Now. I read a book by Sarah Vowell. As previously noted, I have a born-from-loneliness attachment to Sarah Vowell, as her book Assassination Vacation was there for me at a time when everyone around me spoke French and I just wanted a hamburger. Since then, I've read all her books as they've come out, and fervidly recommend them all. This was the last one to read, aside from her book about listening to the radio which, unless someone shoves a copy at me...I'm not readin'. (I still can't recognize Ira Glass's voice, which is irritating as most people seem to assume I listen to NPR and I DO NOT)

Take the Cannoli is one of her first books. It's a collection of essays published in 2000. I somehow wasn't expecting it to seem as dated as it does, but her references to Frank Sinatra (I feel like everyone expected him to keep looming as largely as he did in the public imagination while alive, but he has not), Chicago landmarks that no longer exist, and, of course, the World Trade Center, all place the book in a very specific time.

Which isn't to say something negative about it! It's just a reminder as to why essays seem to belong to the time in which they're written and are then read less and less frequently. I felt separated from Vowell by time even though she's still very much alive and writing books. 

current day Sarah Vowell (just go with it)

The writings go from the Godfather-themed titular essay, which relates to a life philosophy of hers, to a longer piece about the intersection of Michigan and Wacker in Chicago. She also hits insomnia, goths, the Trail of Tears, and the apocalypse, among other light topics. It's a short 220 pages and worth reading.

Vowell goes from biting commentary to astonishing sincerity. She's extremely real about the things she loves, and while writing in either tone, she sneaks in bits of excellent writing and observation that are above even her normal high standard:

You can live with a tune for years and it never seeps in; it just lingers, waiting to be noticed.

My [hotel] room, marked 923 in ballpoint on a crumbling index card taped to the door, is an Edward Hopper painting waiting to happen.

In short, a 360-degree glance from the bridge offers the most dignified panorama in all Chicago. But under the Wacker Drive sidewalk, there's some very old blood seeping into the river.

Should Vowell World ever get enough investors, I'm going to stick my Tom Sawyer Island in Love and Death in the American Novel Land right between the Jay Gatsby Swimming Pool and Tom Joad's Dust Bowl Lanes, a Depression-themed bowling alley renting artfully worn-out shoes.
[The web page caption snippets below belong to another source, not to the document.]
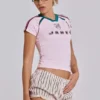 Pink No.13 Football Baby Tee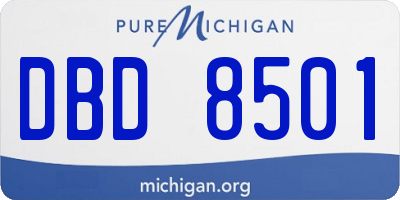 MI license plate DBD8501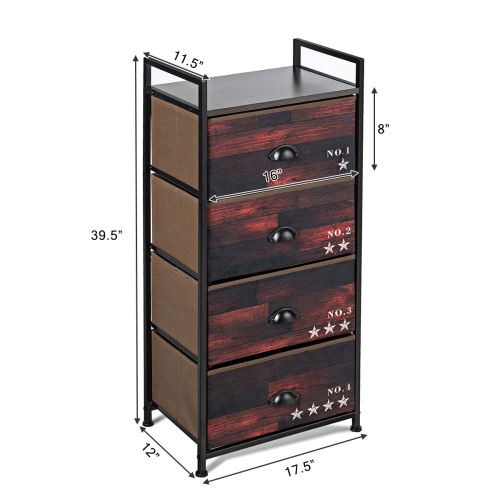 Costway 4 Drawer Fabric Dresser Storage Tower Nightstand Sturdy Steel Frame Closet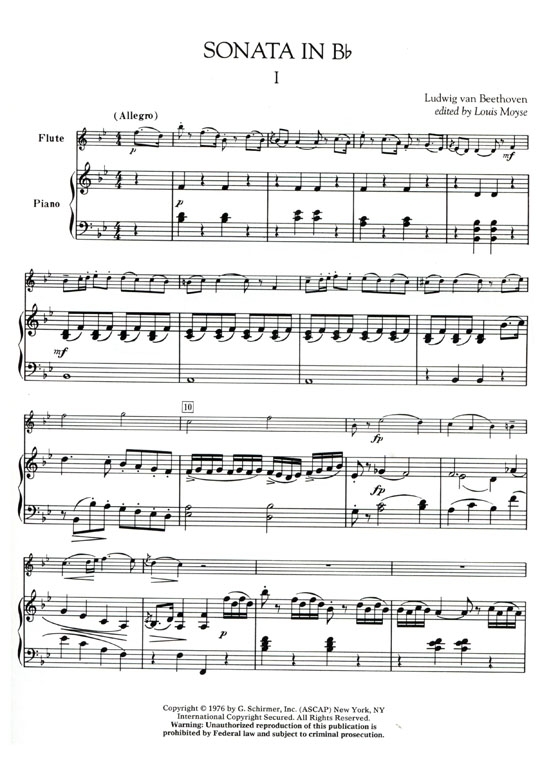 Two Miniatures【Beethoven , Sonata in B♭、Mozart , Rondo in E Minor】Flute and Piano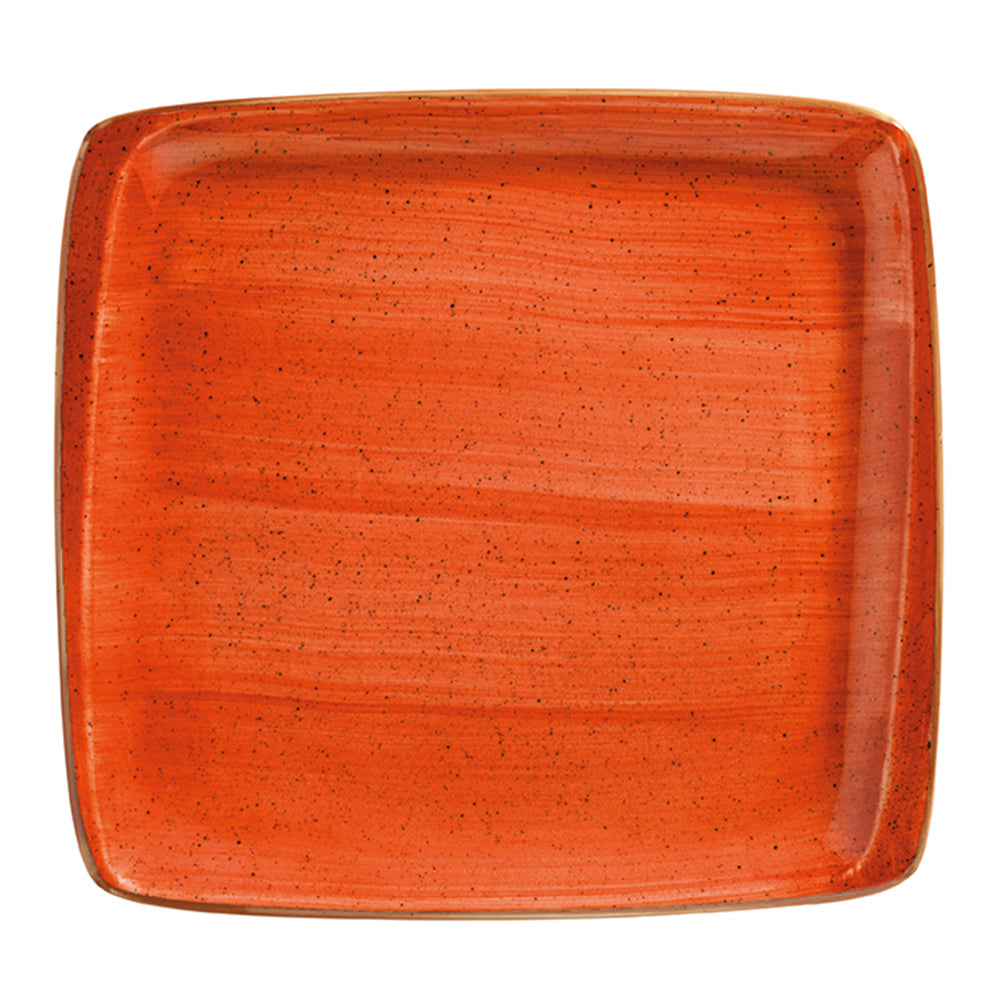 Bonna China Sienna 12.75" x 12" x h:0.75" Square Terracotta Porcelain Platter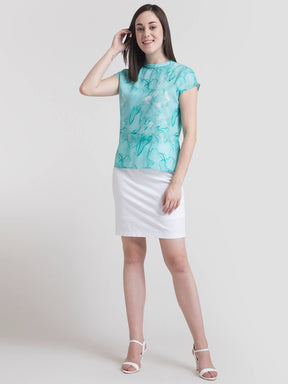 High Neck Marble Print Drop Shoulder Top - Aqua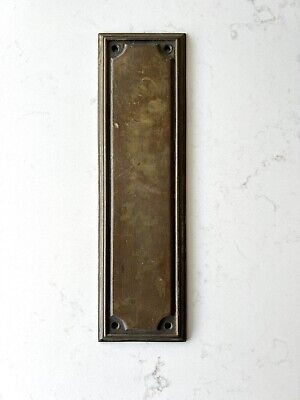 Vintage Brass Tone Victorian Door Push Plate -  10.5” X 3”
She also, however, and I assume this is because it was 15-years-ago-Sarah, occasionally comes across as someone I'd want to punch in the face. This only really manifested itself during her Disney World essay. Disney World is a place everyone on the planet (and in my family) has been but me. I love Disney. No, but seriously -- I love Disney. So when someone who has the opportunity to venture into this paradise of cartoon characters and fairy castles says something assholeish like "As Minnie approached our table, I quickly finish my sentence, a sentence ending in the word 'bereft'" I just...



GET OVER YOURSELF AND ENJOY THE EXPERIENCE, VOWELL. No one is impressed by 'bereft.' Douches use bereft. DOUCHES.

So Sarah Vowell can bring forward some mixed emotions. In her essay on Michigan and Wacker, an intersection I specifically reference here, she talks about Fort Dearborn, and Joliet & Marquette and how she "like[s] to picture Joliet sometimes, walking up or down Michigan Avenue to the bridge, a go-cup in his hand from either the Starbucks on the south side of the bridge or the Starbucks on the north side." And I mean. That is my people. That is my jam. She makes her sister DRIVE THE TRAIL OF TEARS WITH HER. To get more of an emotional handle on it! That is the greatest idea in the history of historical trip-related ideas! (or like, top 5) They stopped at so many sites and read so many plaques!

One of the main things to be gotten from the Trail of Tears essay, by the way, is that Andrew Jackson was a horse's ass.

She is in fact great. This book is excellent. Her more recent books are excellenter, and I remain very much looking forward to her new one in October, Lafayette in the Somewhat United States. I hope there are trips to historical sites in it.